*** Records for this task

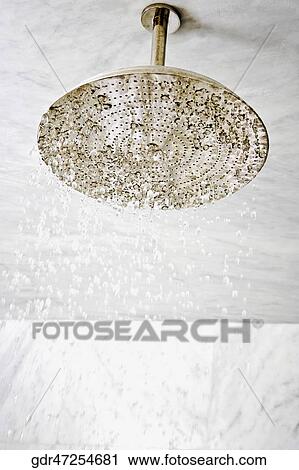 Low angle view of water dripping from a shower head View Large Photo Image Stock Image - Low angle view of water dripping from a shower head. Fotosearch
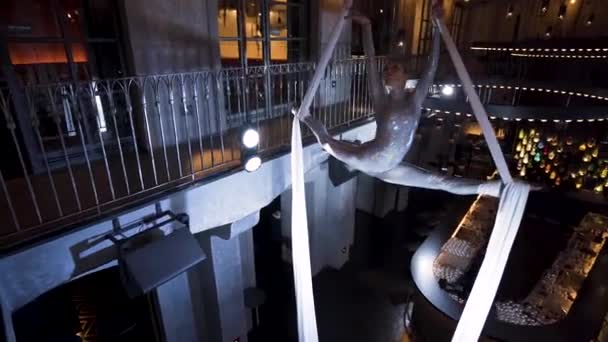 Female Aerialist Doing Front Split Turn White Silks Bar — Video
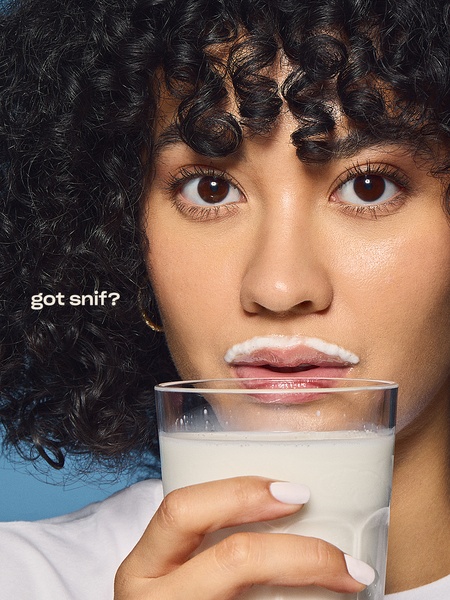 A close-up portrait of a model holding a glass of milk with a milk mustache, subverting the classic campaign imagery for a perfume brand.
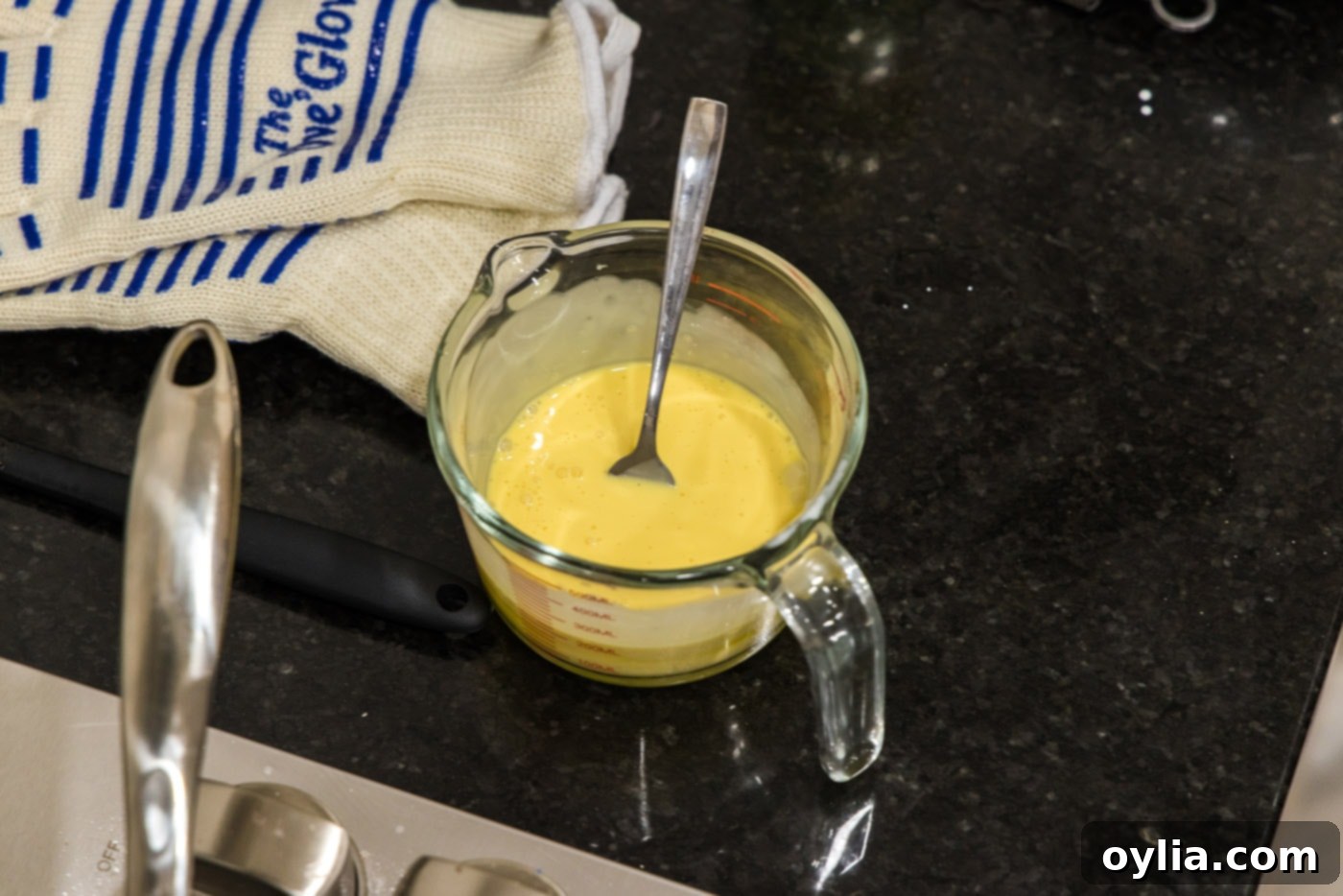 Whisked heavy cream and egg yolks in a cup, ready to be tempered into the sauce.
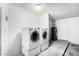 Laundry room equipped with a front-load washer and dryer set on risers, along with a utility sink and water heater at 5226 W Freeway Ln, Glendale, AZ 85302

******

## Exercise
Every line from the one containing "Whisked heavy cream" to the final line of the records should be duplicated exactly; no picture is to be copied.

## Result
 Whisked heavy cream and egg yolks in a cup, ready to be tempered into the sauce.
 Laundry room equipped with a front-load washer and dryer set on risers, along with a utility sink and water heater at 5226 W Freeway Ln, Glendale, AZ 85302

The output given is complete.